The Mysterious Magnetospheres of Magnetars

TL;DR

This paper explores the observational and theoretical aspects of magnetar magnetospheres, focusing on their steady hard X-ray emissions, dissipative processes, and quantum electrodynamics effects like photon splitting and pair creation.

Contribution

It provides a comprehensive analysis of magnetar magnetospheres, emphasizing dissipative processes, Comptonization, polarization, and potential QED signatures in their X-ray emissions.

Findings

Identification of key dissipative processes in magnetar magnetospheres

Discussion of potential observational signatures of photon splitting and pair creation

Analysis of the role of Comptonization and polarization in X-ray emission

Abstract

Magnetars are the most luminous compact objects in the stellar mass range observed in the Milky Way, with giant flares of hard X-ray power ~10^45 erg/sec being detected from three soft gamma repeaters in the Galactic neighborhood.

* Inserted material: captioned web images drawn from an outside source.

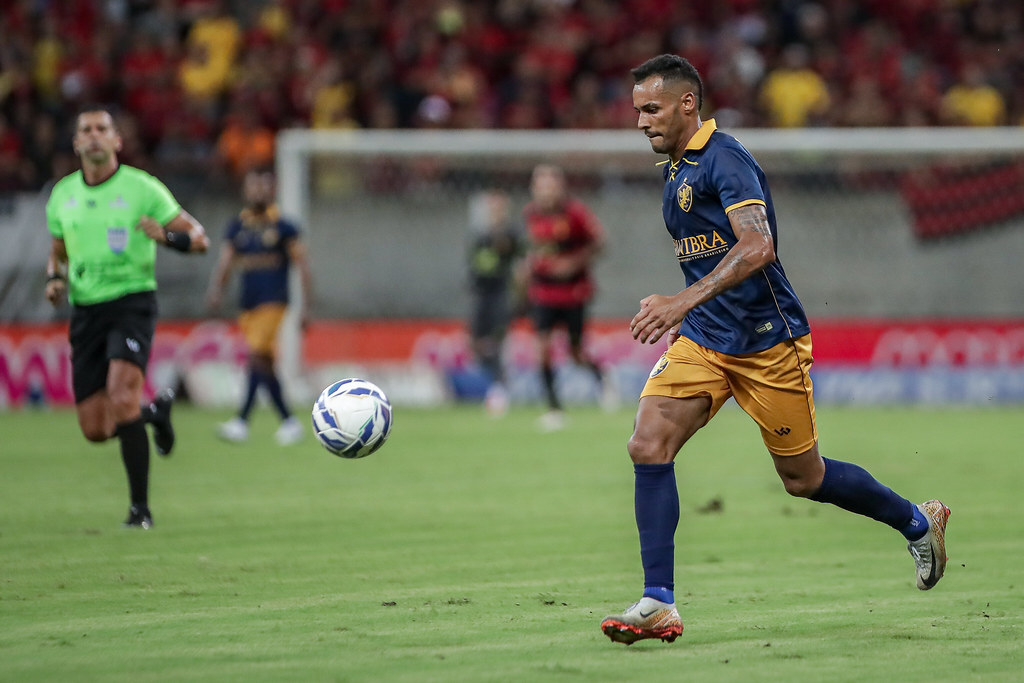 Gedeílson dúvida Retrô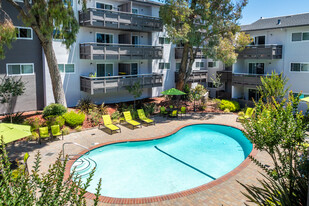 Building Photo - Bayfair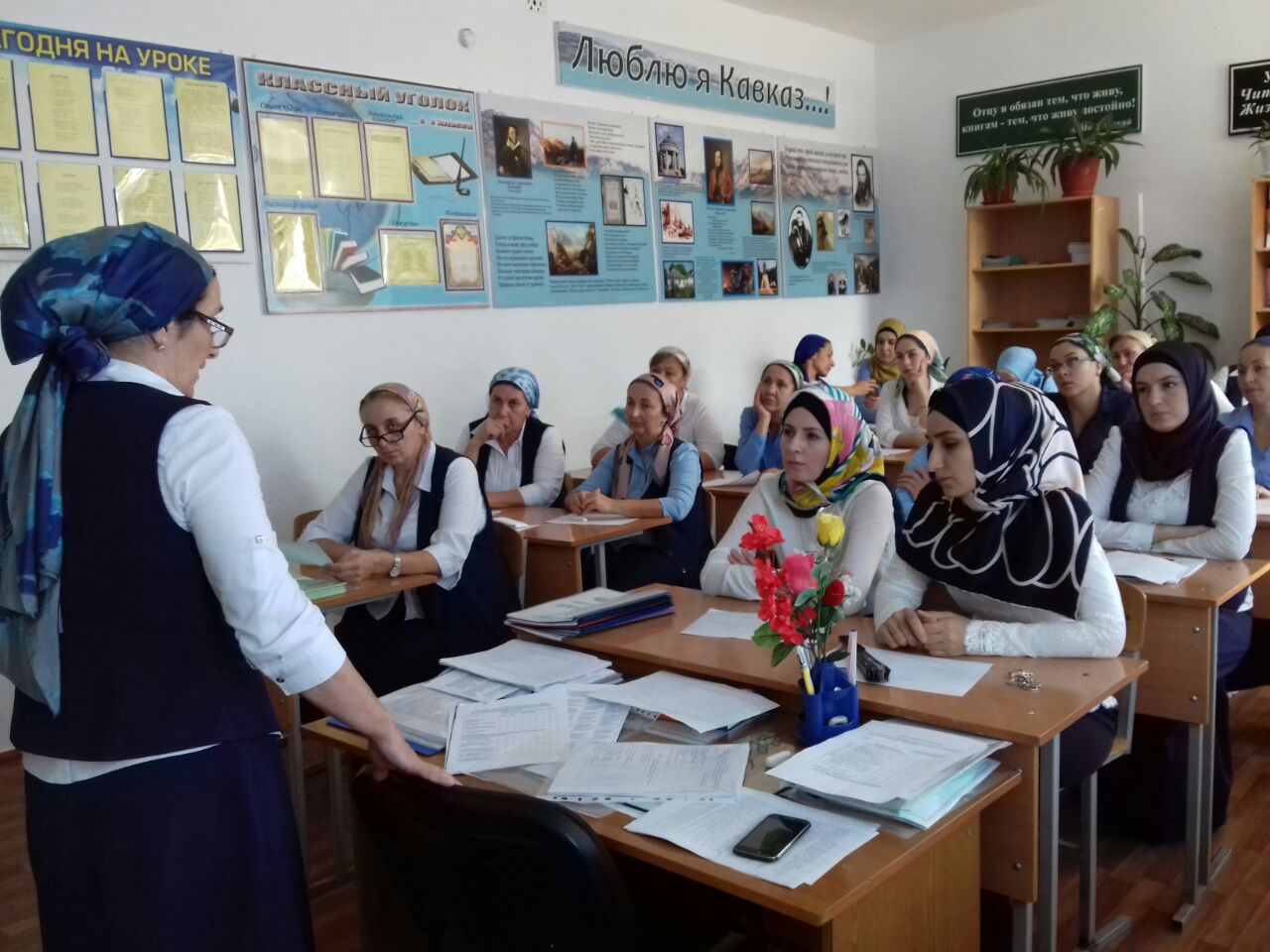 Школа 21 грозный. 60 Школа Грозный. Гимназия 1 Грозный. Школа Грозный СОШ 18. Сайт МБОУ СОШ 39 Г.Грозного.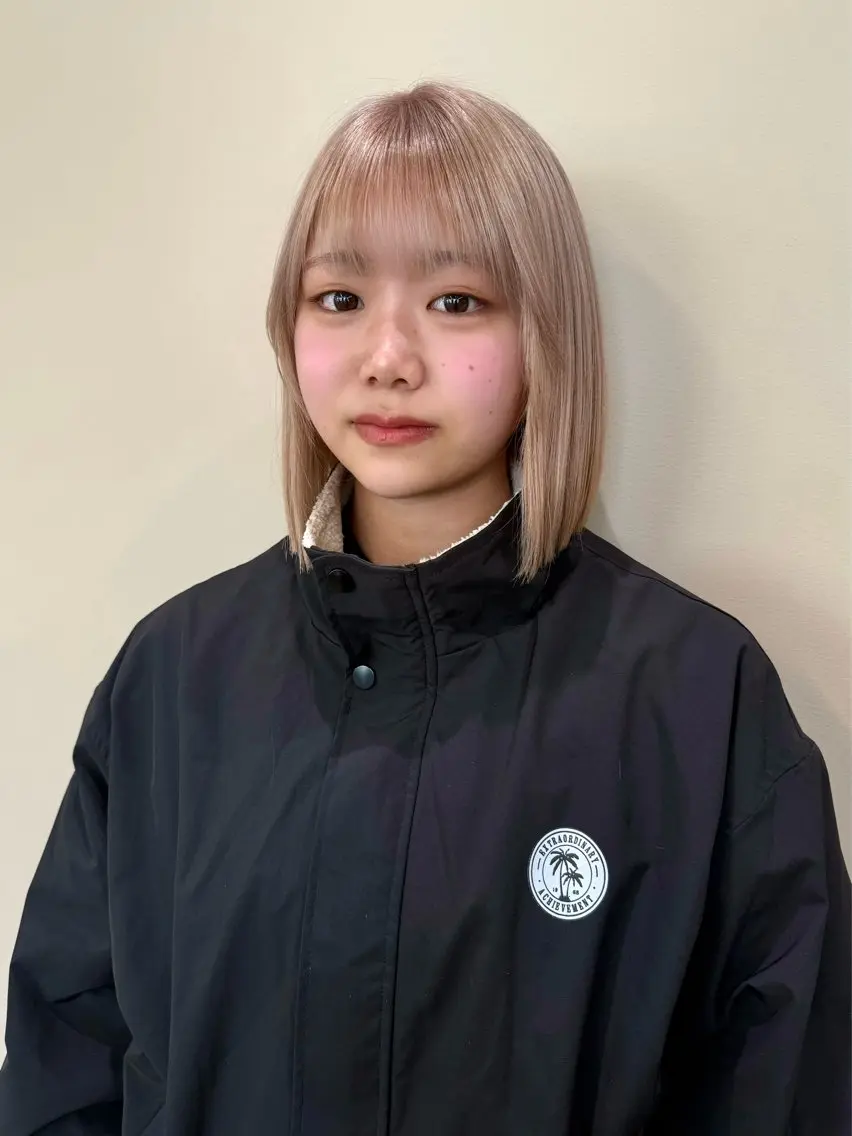 ミディアム カラー ヘアアレンジ 縮毛矯正履歴からの ブリーチ /mamiのヘアスタイル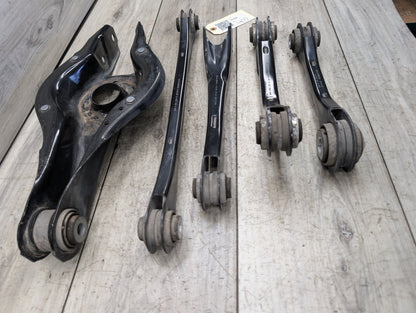 2019 - 2026 BMW 330i G20 Rear Right Passenger Control Arms SET 6867541 B46B20O1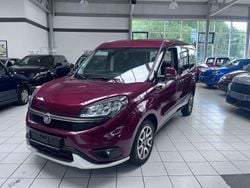 Rot Gebraucht 2022 Fiat Doblò Trekking Van / Kleinbus | 18.500 € (Fairer Preis)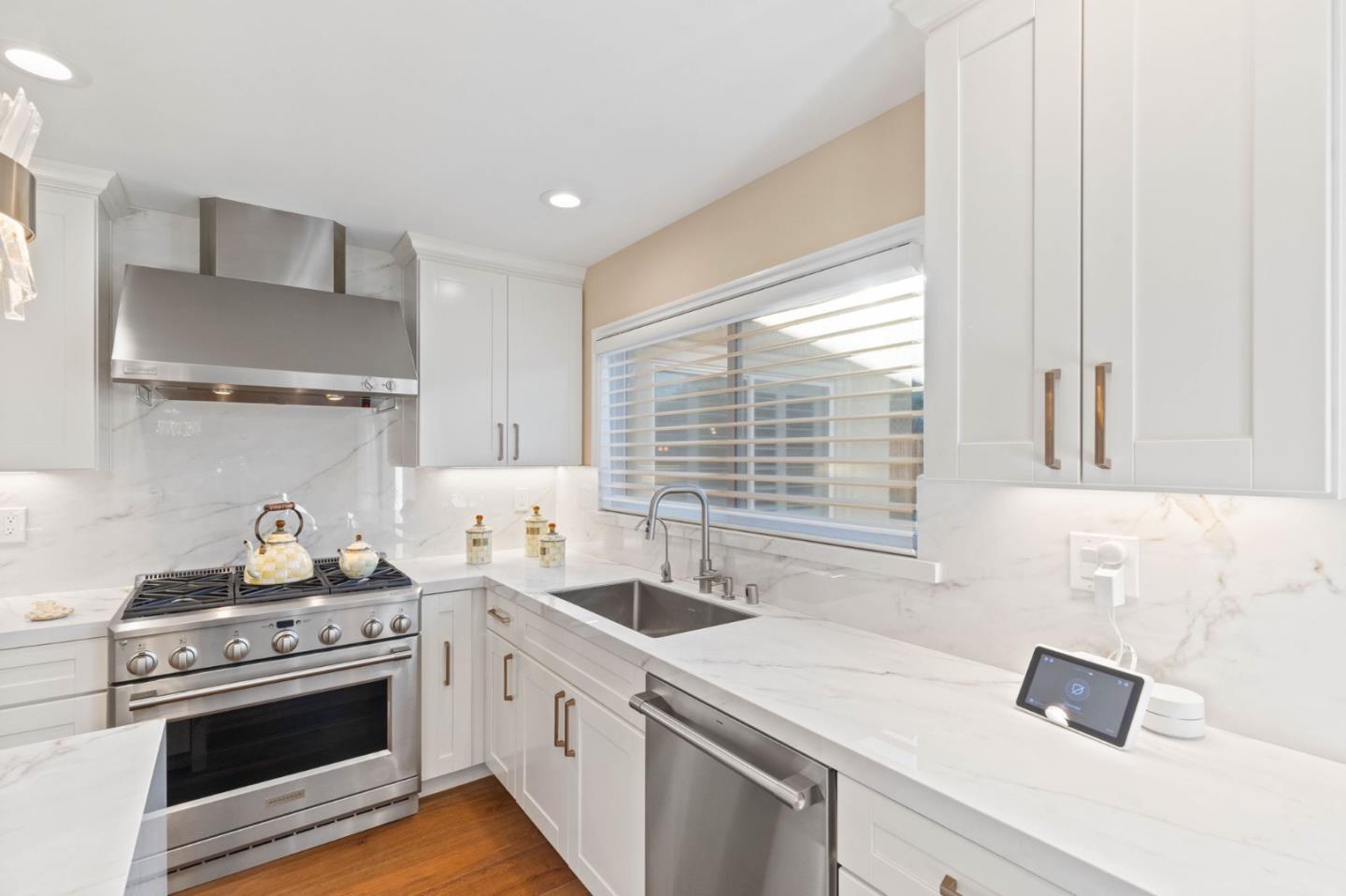 775 Sunset Glen Drive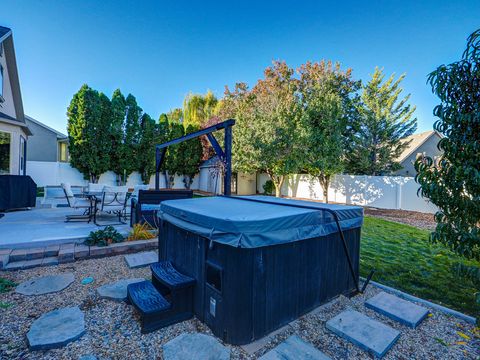 Tiny photo for 14328 S SUN BLOOM LN, Herriman, UT 84096 (MLS # 2121511)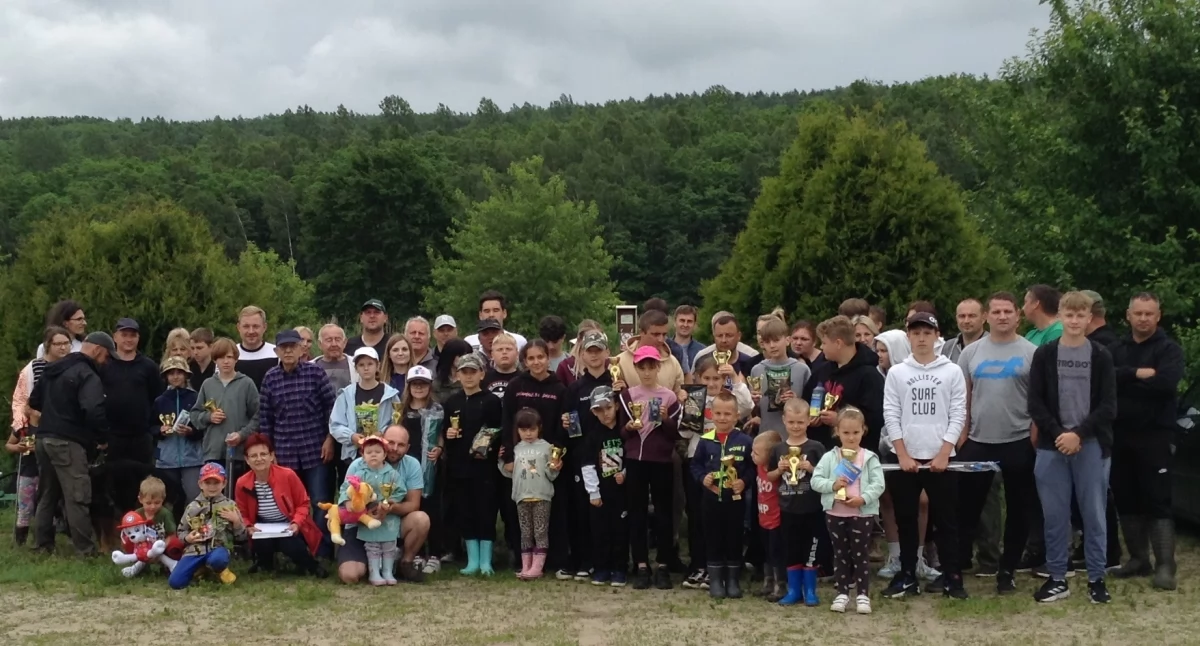 Na zdjęciu: uczestnicy zawodów zorganizowanych w ramach gminnego Dnia Dziecka, fot. Koło PZW w Kamieńsku; 652_pzw_pl
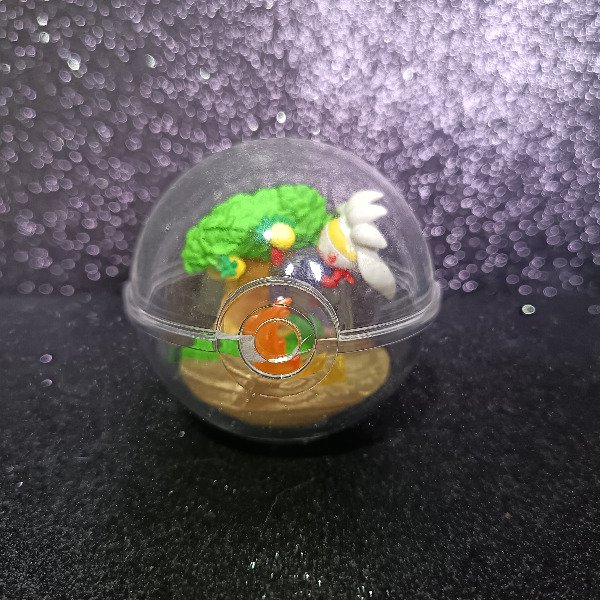 Producto - Raboot Terrarium Collection Series (pokeball rasgada) RE-MENT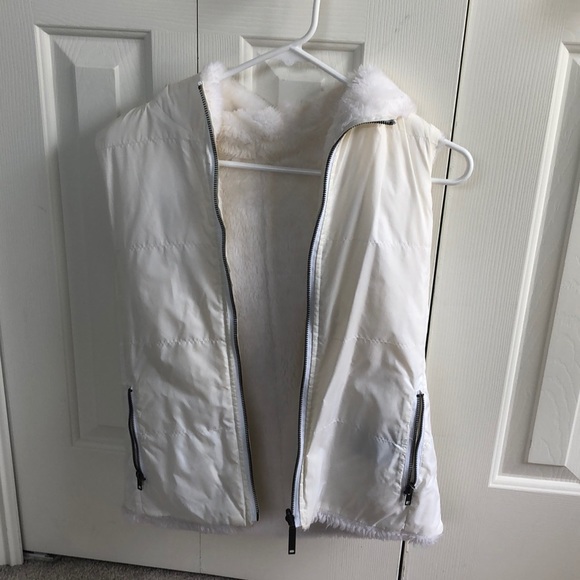 Reversible White Fur Vest - Picture 1 of 4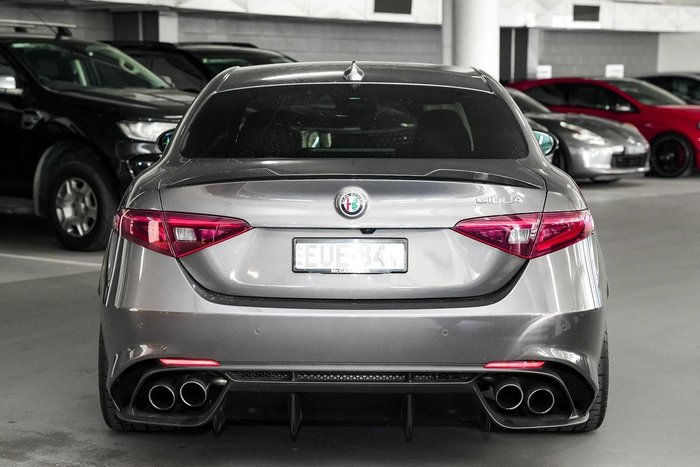 2022 Alfa Romeo Giulia Quadrifoglio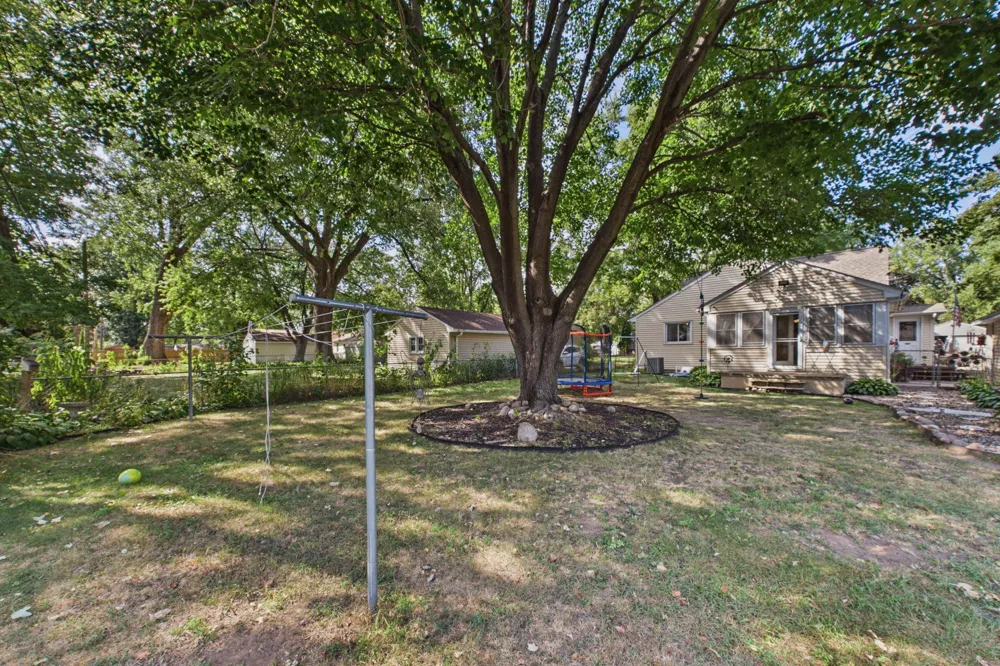1474 Burke Avenue E Maplewood, MN 55109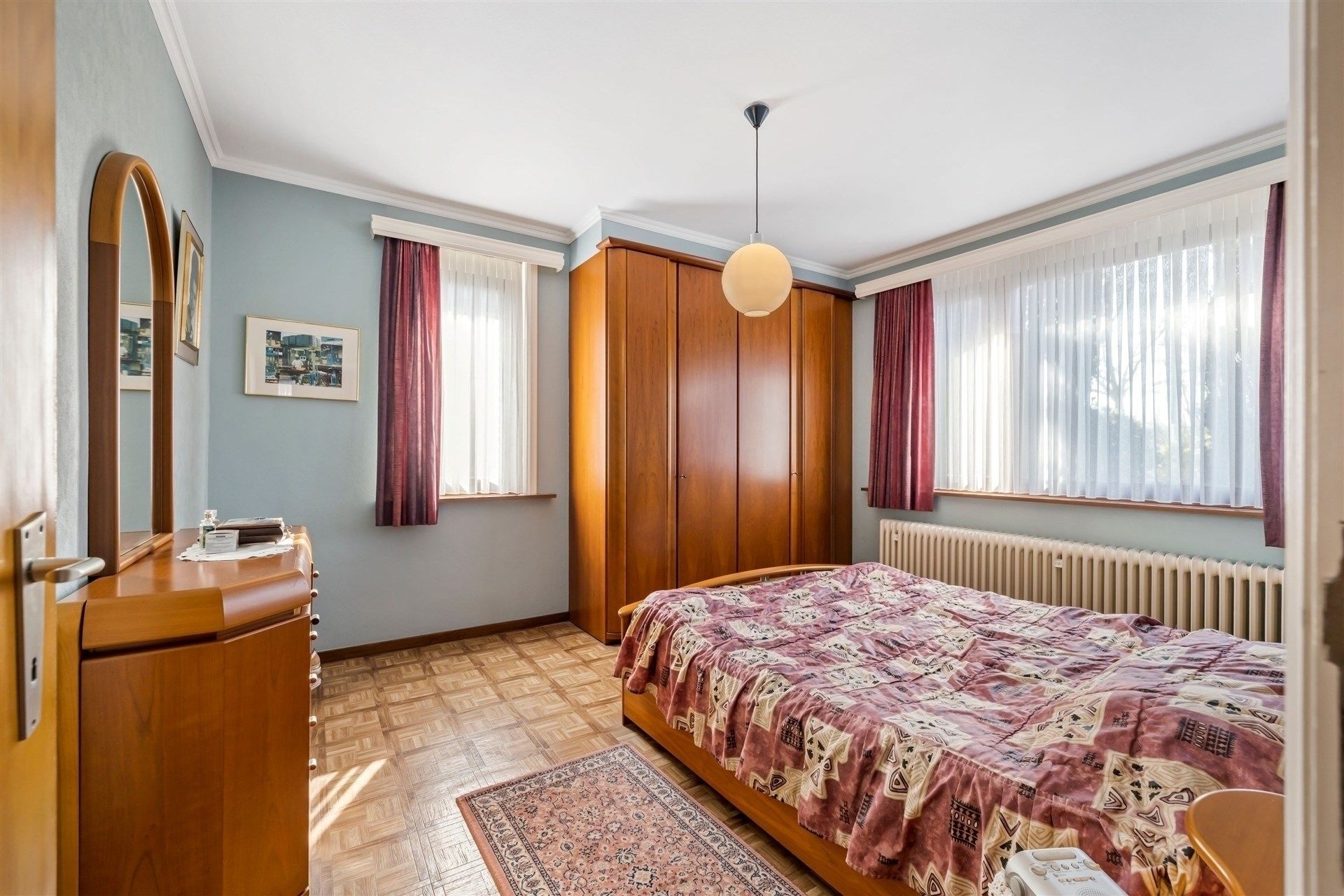 Uitstekend gelegen gezinswoning (type bungalow) met 4 slaapkamers, garage en een aangename tuin (1.067m²) foto 15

Periodicity seen in magnetar persistent emission, and a distinctive "spin-down" lengthening of this period, have driven the paradigm that strongly-magnetized neutron stars constitute these fascinating sources. The steady X-ray emission includes both thermal atmospheric components, and magnetospheric contributions that are manifested as hard X-ray "tails." This paper addresses observational and theoretical elements pertinent to the steady hard X-ray emission of magnetars, focusing on dissipative processes in their magnetospheres, and elements of Comptonization and polarization. It also discusses the action and possible signatures of the exotic and fundamental QED mechanisms of photon splitting and magnetic pair creation, and the quest for their observational vindication.